**DATA EXCERPT:**
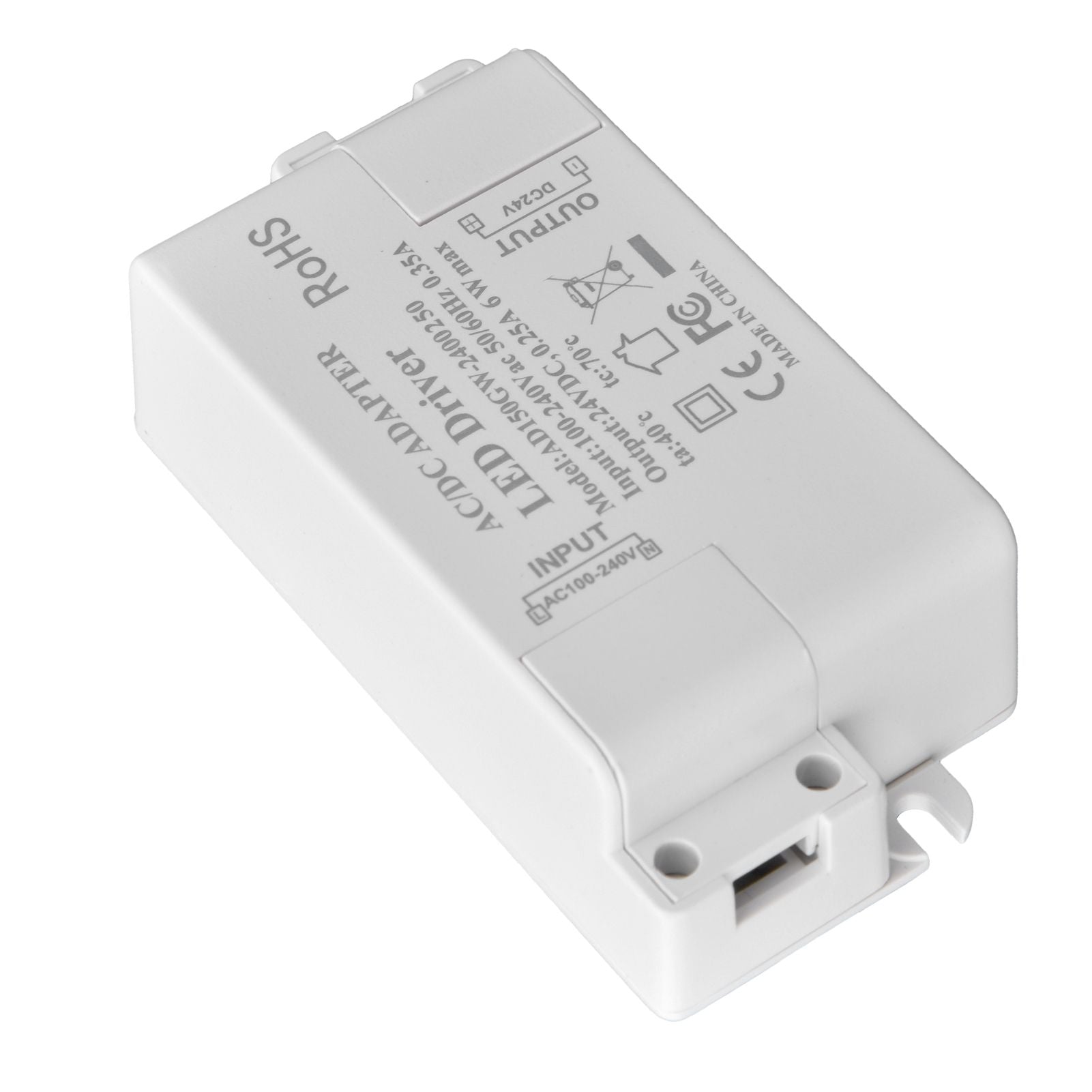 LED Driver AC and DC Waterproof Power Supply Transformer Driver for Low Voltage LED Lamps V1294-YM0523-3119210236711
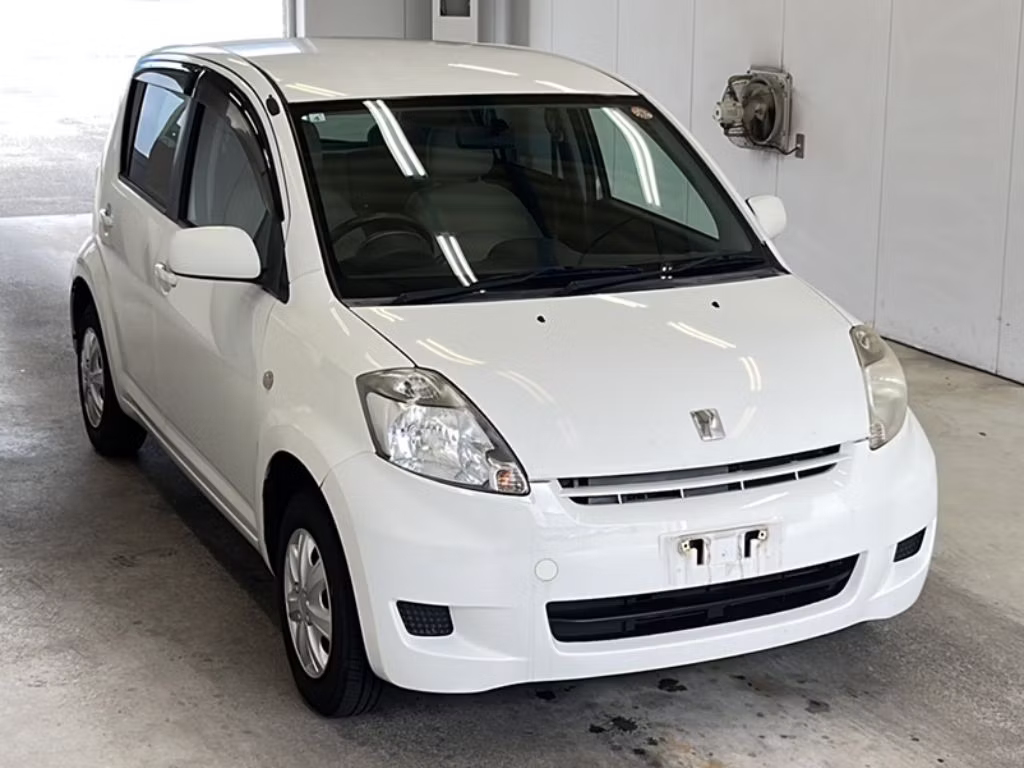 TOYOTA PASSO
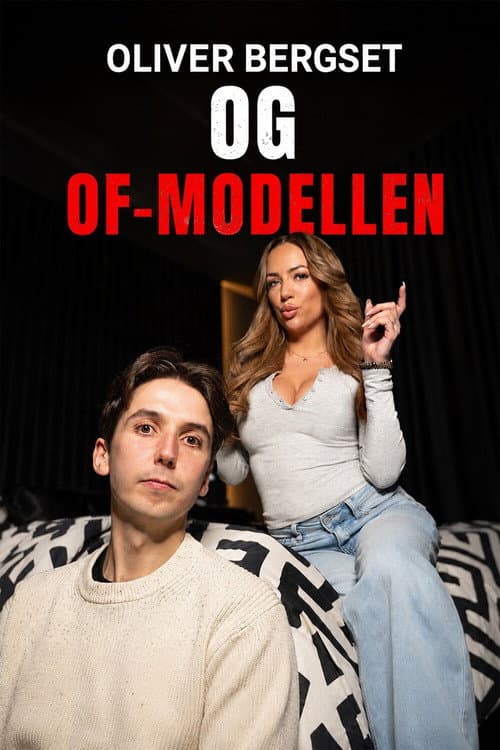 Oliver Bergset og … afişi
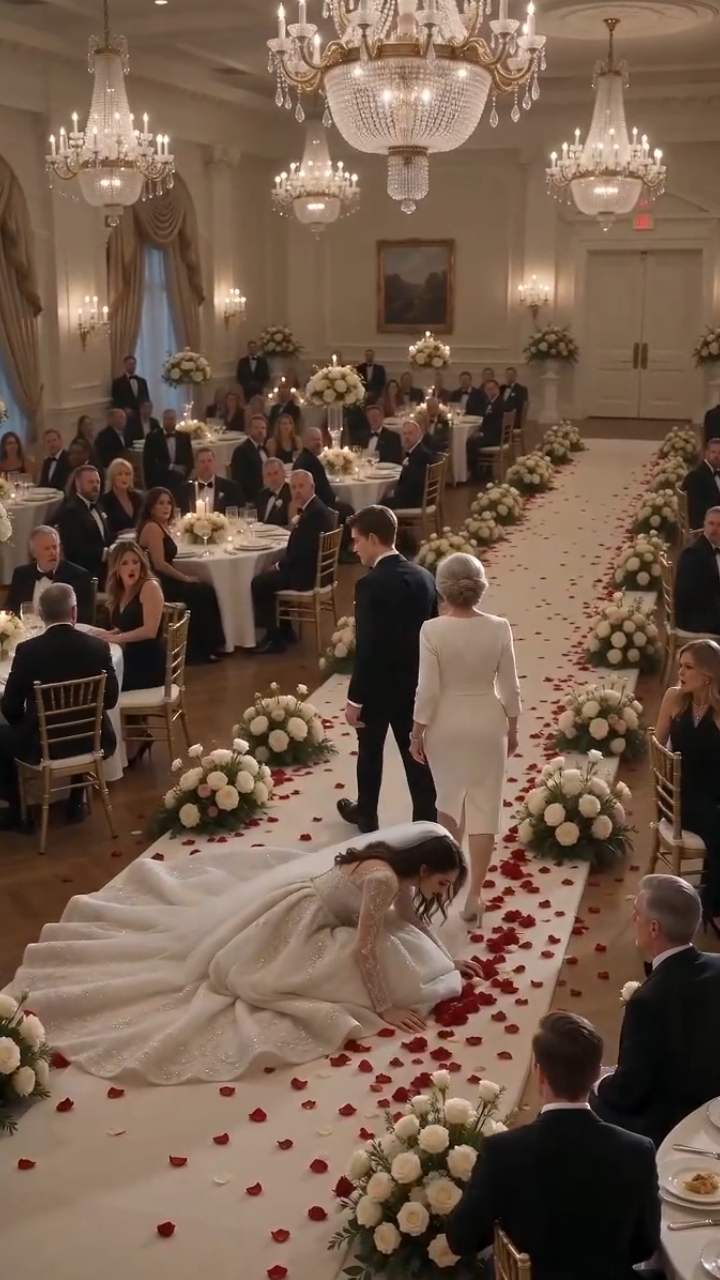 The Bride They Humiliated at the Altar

**THE TASK:** What you return should match the material line for line, with the images removed.

**EXERCISE ANSWER:**
 LED Driver AC and DC Waterproof Power Supply Transformer Driver for Low Voltage LED Lamps V1294-YM0523-3119210236711
 TOYOTA PASSO
 Oliver Bergset og … afişi
 The Bride They Humiliated at the Altar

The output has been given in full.